BEGIN The records
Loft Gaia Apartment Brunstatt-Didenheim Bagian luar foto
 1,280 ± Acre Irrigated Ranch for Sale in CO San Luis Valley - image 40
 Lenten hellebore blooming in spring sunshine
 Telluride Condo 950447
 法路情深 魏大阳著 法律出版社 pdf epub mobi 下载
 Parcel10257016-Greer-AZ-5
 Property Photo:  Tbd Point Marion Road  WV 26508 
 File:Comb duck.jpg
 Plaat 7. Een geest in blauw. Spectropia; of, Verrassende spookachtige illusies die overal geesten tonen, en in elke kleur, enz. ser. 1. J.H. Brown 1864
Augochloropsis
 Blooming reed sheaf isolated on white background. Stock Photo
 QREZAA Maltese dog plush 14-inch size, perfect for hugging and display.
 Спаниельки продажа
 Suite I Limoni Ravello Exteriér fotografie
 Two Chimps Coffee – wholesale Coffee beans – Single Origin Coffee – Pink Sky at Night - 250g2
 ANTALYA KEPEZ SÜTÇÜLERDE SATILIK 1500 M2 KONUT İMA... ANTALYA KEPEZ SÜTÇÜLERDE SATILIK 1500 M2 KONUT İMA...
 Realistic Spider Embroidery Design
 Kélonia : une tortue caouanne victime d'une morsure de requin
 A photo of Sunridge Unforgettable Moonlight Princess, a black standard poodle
END The records
I need all of the records above retyped exactly, please.

Loft Gaia Apartment Brunstatt-Didenheim Bagian luar foto
 1,280 ± Acre Irrigated Ranch for Sale in CO San Luis Valley - image 40
 Lenten hellebore blooming in spring sunshine
 Telluride Condo 950447
 法路情深 魏大阳著 法律出版社 pdf epub mobi 下载
 Parcel10257016-Greer-AZ-5
 Property Photo:  Tbd Point Marion Road  WV 26508 
 File:Comb duck.jpg
 Plaat 7. Een geest in blauw. Spectropia; of, Verrassende spookachtige illusies die overal geesten tonen, en in elke kleur, enz. ser. 1. J.H. Brown 1864
Augochloropsis
 Blooming reed sheaf isolated on white background. Stock Photo
 QREZAA Maltese dog plush 14-inch size, perfect for hugging and display.
 Спаниельки продажа
 Suite I Limoni Ravello Exteriér fotografie
 Two Chimps Coffee – wholesale Coffee beans – Single Origin Coffee – Pink Sky at Night - 250g2
 ANTALYA KEPEZ SÜTÇÜLERDE SATILIK 1500 M2 KONUT İMA... ANTALYA KEPEZ SÜTÇÜLERDE SATILIK 1500 M2 KONUT İMA...
 Realistic Spider Embroidery Design
 Kélonia : une tortue caouanne victime d'une morsure de requin
 A photo of Sunridge Unforgettable Moonlight Princess, a black standard poodle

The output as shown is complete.